Tout comme pour l’exode de mai-juin quarante et l’or de Dakar, Lacouture parle très peu de la disette qui suivit la guerre quand de Gaulle était chef du GPRF (Gouvernement Provisoire de la République Française) :
« Trois mois plus tard, la situation a encore empiré : (avril 1945) ce ne sont plus mille calories qui sont réparties entre les ayants droit, mais à peine 900 : il en faut plus du triple pour travailler normalement. Moins de 100 grammes de pain par jour, 90 puis 60 grammes de viande par semaine. » p.116
Ce sera là la seule allusion sur la grande disette, les restrictions. Il fallut attendre le premier décembre 1949 pour que disparaissent les derniers tickets de rationnement. Peu de choses détaillées donc sur les souffrances des français.
Les mensonges par omission ou les vérités tues délibérément ne manquent pas, qu’il s’agisse de de Gaulle ou d’autres monstres sacrés de l’histoire politique française :
« Le 13 août, la SFIO a tenu un congrès qui est surtout une sorte de sacre du grand rescapé des camps de la mort, Léon Blum. » p.199
Mais comme il est écrit sur le site du CRIF il y a Buchenwald et Buchenwald. Blum a été interné dans une petite maison forestière de 1943 à 1945, à quelques centaines de mètres du véritable camp. Il avait à sa disposition des livres et la radio. Il se maria en 1943 devant un notaire de Weimar. Cela, Lacouture ne le mentionne pas.

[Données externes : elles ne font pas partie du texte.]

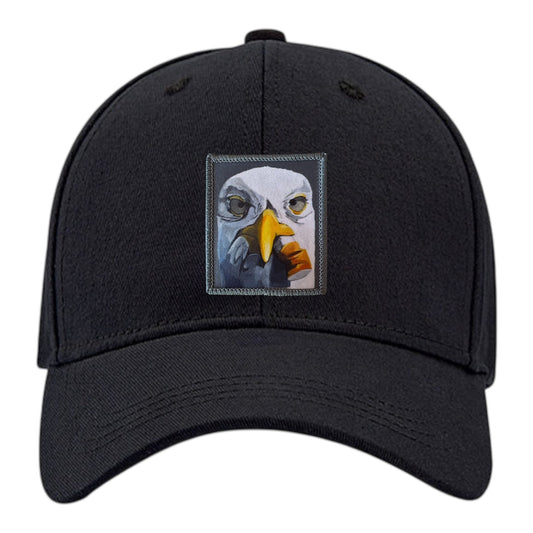 Seagull With Cig 6 Panel Baseball Cap Hats FlynHats Black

La chose était connue, nombre d’historiens l’ont mentionnée. Blum décrit lui-même dans un courrier son menu de réveillon : « potage de tomates, croustades de viande hachée sur lit de coquillettes et tarte au chocolat. » La publication des lettres de Blum, dans lesquelles figure ce menu, ne date il est vrai que de 2003, elles sont ultérieures à l’ouvrage de Lacouture.
Certes, c’est de la biographie de de Gaulle qu’il s’agit, mais Lacouture à également écrit une biographie de... Blum ! (Éd. Point, 1979) il connaissait donc ses conditions d’internement et savait qu’il n’était en rien un « grand rescapé des camps de la mort ». À la tête du Gouvernement Provisoire de la République Française (juin 44 à janvier 46), de Gaulle rencontra F. Roosevelt lors d’un voyage aux USA en juillet 1944 ; il rencontra Staline en URSS (du 2 au 9 décembre 1944.) Puis de nouveau le Président Américain, Harry Truman, le 22 août 1945.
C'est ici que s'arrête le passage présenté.